A faint sound, a slight movement, alerted her to Michel’s presence, and she prayed he wouldn’t turn on the light.
Sandrine sensed rather than heard him cross to stand behind her, then his hands closed over her shoulders as he drew her back against him.
‘We made a deal, remember?’
‘What deal are you referring to?’
‘Never to spend a night apart. Except in circumstances beyond our control.’
So they had. And somehow taking a bit part in a movie being shot on the other side
of the world didn’t come close in the qualifying stakes of circumstances beyond our control.
‘Where do we go from here?’ she queried quietly, and he didn’t pretend to misunderstand.
‘Let’s just take it one day at a time, hmm?’
For several minutes he didn’t move, then his hands slid down her arms and linked together at her waist. She felt his lips brush against her ear, then trail slowly down the sensitive cord of her neck to nuzzle the soft hollow there.
It was heaven to lean her head into the curve of his shoulder and just be. To absorb the warmth of that large pulsing body, to take comfort in the shelter it afforded her, and to luxuriate in the touch of his hands, his lips.

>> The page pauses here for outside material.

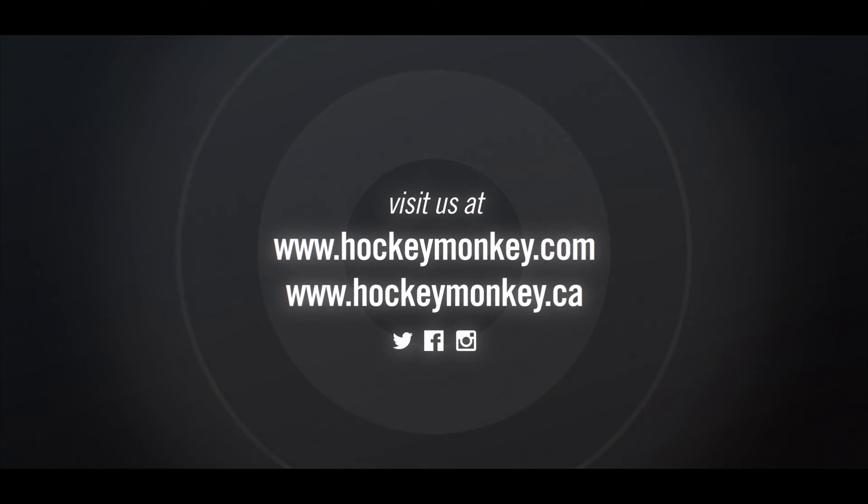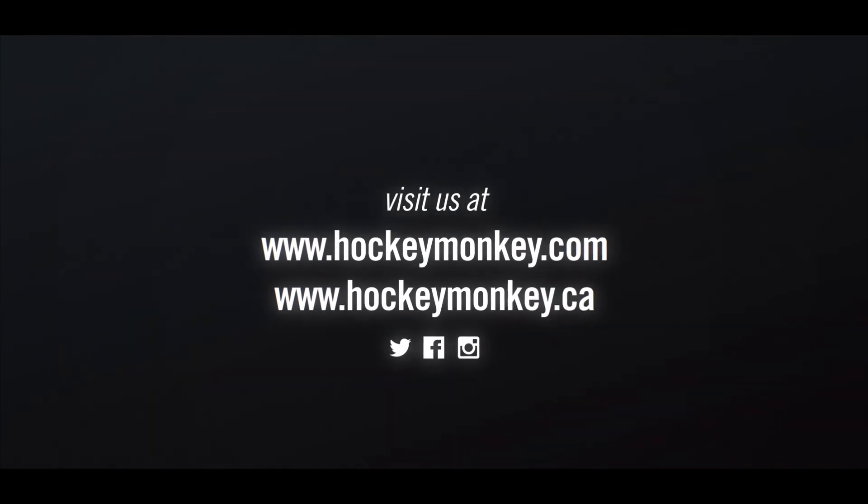The new Vapor Hyperlite elbow pad provides elite level protection to allow you to play at your fastest all game. Visit HockeyMonkey.com or any of our Monkey Sports locations to learn more.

He didn’t offer a word, nor did she. They didn’t move, just stood there for what seemed an age.
Then Michel gently turned her to face him, and she lifted her arms to encircle his neck as he lowered his head down to hers.

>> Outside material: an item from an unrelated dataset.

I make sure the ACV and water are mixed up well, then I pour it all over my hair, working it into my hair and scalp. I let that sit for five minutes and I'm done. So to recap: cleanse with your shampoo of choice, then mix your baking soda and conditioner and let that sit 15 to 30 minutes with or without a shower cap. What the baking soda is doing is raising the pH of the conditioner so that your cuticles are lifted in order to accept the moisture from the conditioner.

His mouth explored the soft lower curve of her own, grazing it with the edge of his teeth before sweeping his tongue to test the delicate tissues and tease the sensitised ridges in an erotic tasting that made her want more than this gentle supplication.
He’d removed his jacket and tie, but his shirt was an impossible barrier she sought to remove. She needed to touch his skin, to feel the heavy pulse of his heart beneath his rib cage and to explore the very essence of him.
By tacit agreement, they divested each other’s clothes in a leisurely, evocative fashion, the slither of silk over skin arousing and heightening the senses to fever pitch.
Now. She wanted him now. Hard and fast. She needed to feel his strength, his unfettered passion.
Her mouth met his hungrily as he tumbled her down onto the bed, and she was aware of uttering small sounds of encouragement as he explored her, then she groaned out loud with pleasure as he entered her in one long thrust, stilling for timeless seconds as she absorbed him.
He withdrew and she lifted her hips as he plunged deep inside. She clung to him, urging him harder, closer, until pleasurable sensation reached an almost unbearable intensity.
Sandrine cried out, beseeching him with a litany of pleas as she became helpless beneath an emotion so treacherous it almost succeeded in destroying her.